Abstract
Drug fever caused by dalteparin-sodium (DS), a low-molecular-weight derivative of heparin, is neither listed in the official drug information and nor published as a case report until today. A preterm infant, born at 26 weeks of gestation, developed fever 2 days after starting a treatment with DS for an intracardial thrombus. The fever reverses soon after changing the treatment to unfractionated heparin and reappeared after reintroduction of DS. Once again, after discontinuing DS, the infant regained normothermia. Bacterial and viral infections, tissue damage, impaired liver or kidney function, preservative agents and comedications could be ruled out as fever origin.

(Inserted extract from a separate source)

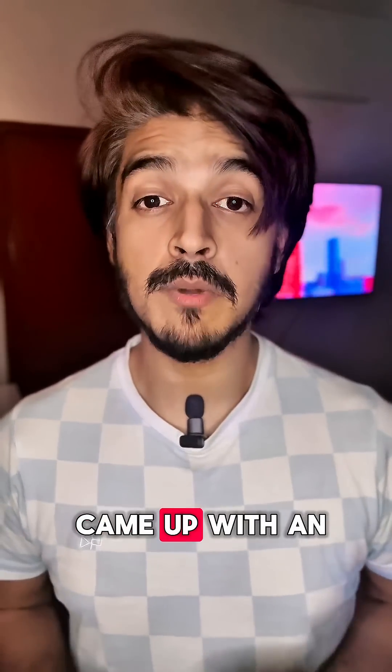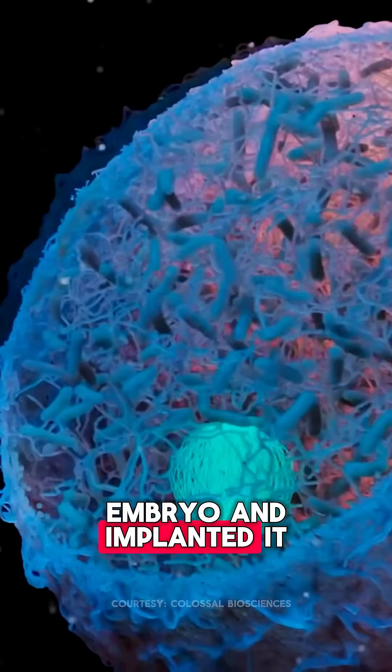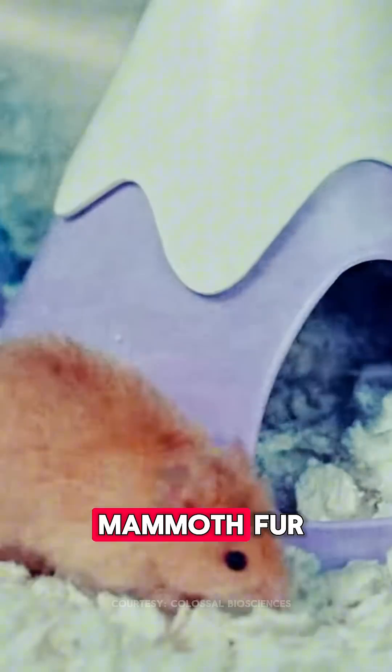The scientists at Colossal came up with an absolutely genius idea. They took a woolly mammoth embryo and implanted it in 12 female mice, who then gave birth to 38 mice, and all of them successfully carried the woolly mammoth fur.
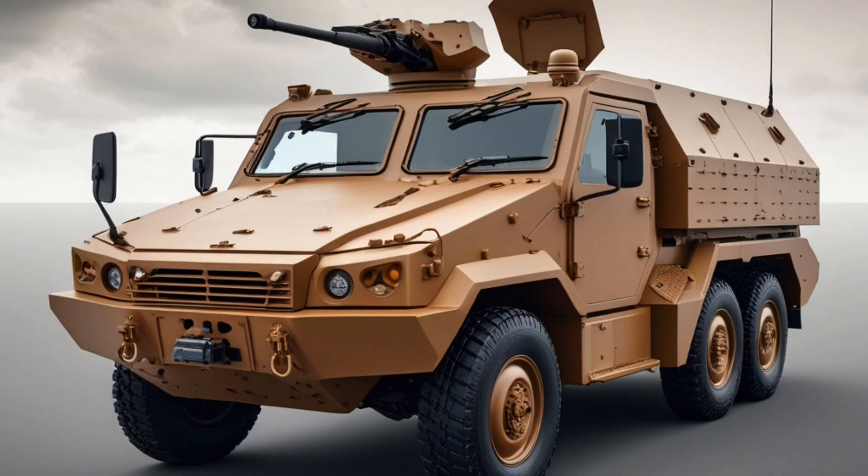The modularity of the Terrex II allows it to adapt to changing battlefield requirements. It can be quickly reconfigured with various mission modules such as command posts, mortar carriers, or recovery vehicles. This adaptability reduces logistical burden and increases operational flexibility, enabling a single platform to fulfill multiple combat and support roles, allowing military forces to reduce the number of vehicle types in service and simplifying training, maintenance, and supply chains.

By using the Naranjo adverse drug reaction (ADR) probability scale and the Liverpool ADR causality assessment tool, this case can be classified as ‘probable ADR’ and ‘definite ADR’. This is the first case report of a drug fever caused by the low-molecular-weight heparin DS in a preterm infant.
Background
Drug fever is a condition where the body reacts with a febrile response to an administered drug in the absence of other underlying causes, for example, infection. The fever reverses once the offending drug is discontinued. A non-sensitised adult person receiving an offending drug for the first time usually takes a couple of days to develop the fever. When sensitised, the same person would react with a fever within hours when exposed to the same drug again.1
Febrile reactions in the preterm infants, in general, are rare events as the immune system is highly immature and hypothermia is the most common response to inflammatory events.
Unfractionated heparin (UFH) is a widely used drug in sick infants, mostly to prevent central-line-associated thrombosis. Using low doses of UFH continuously in central catheters is known to extend the usability of central lines.2 Using a low-molecular-weight heparin for treating thrombosis in a preterm infant is an off-label indication and a more seldom event on an NICU (neonatal intensive care unit).
UHF, in particular low-molecular-weight heparin, is until today not known to cause fever/hypertermia.1
Case presentation
The infant was born due to maternal contractions in 26+3 weeks of gestation by Caesarian section with uncomplicated postnatal transition.
During routine echocardiography on day of life (DOL) 5, a thrombus in the right ventricle of the heart was diagnosed.
After screening for coagulation disorders, a treatment with dalteparin-sodium, Fragmin, (DS) was initiated the same day. DS (100 IU/kg) was given two times per day by injections via a subcutaneous Insuflon catheter (Unomedica, Lejre, Danmark). The insertion site was inspected for signs of infection, bleeding or dislocation at least three times a day. By our local routine, the catheter was replaced every third day. On DOL 7, the infant's body temperature increased. At the same time, the patient begun showing signs of discomfort and the heart rate increased. As body temperature in preterm babies is related to the thermal environment (temperature and humidity in the incubator), the temperature and humidity in the incubator were decreased much more rapidly as usual to maintain normothermia (figure 1). After excluding infection as a cause for the hyperthermia, medication was changed from DS to a continuous infusion of UFH on DOL 17. The infant regained normothermia, the incubator temperature could be increased and the signs of irritation and tachycardia disappeared.
Figure 1.
Body temperature (upper box) and temperature in the incubator (medial box) are shown. Treatment periods with dalteparin-sodium (black), unfractionated heparin (gray) and no heparin treatment (white). Concomitant drugs are shown in the lower box. DOL, day of life.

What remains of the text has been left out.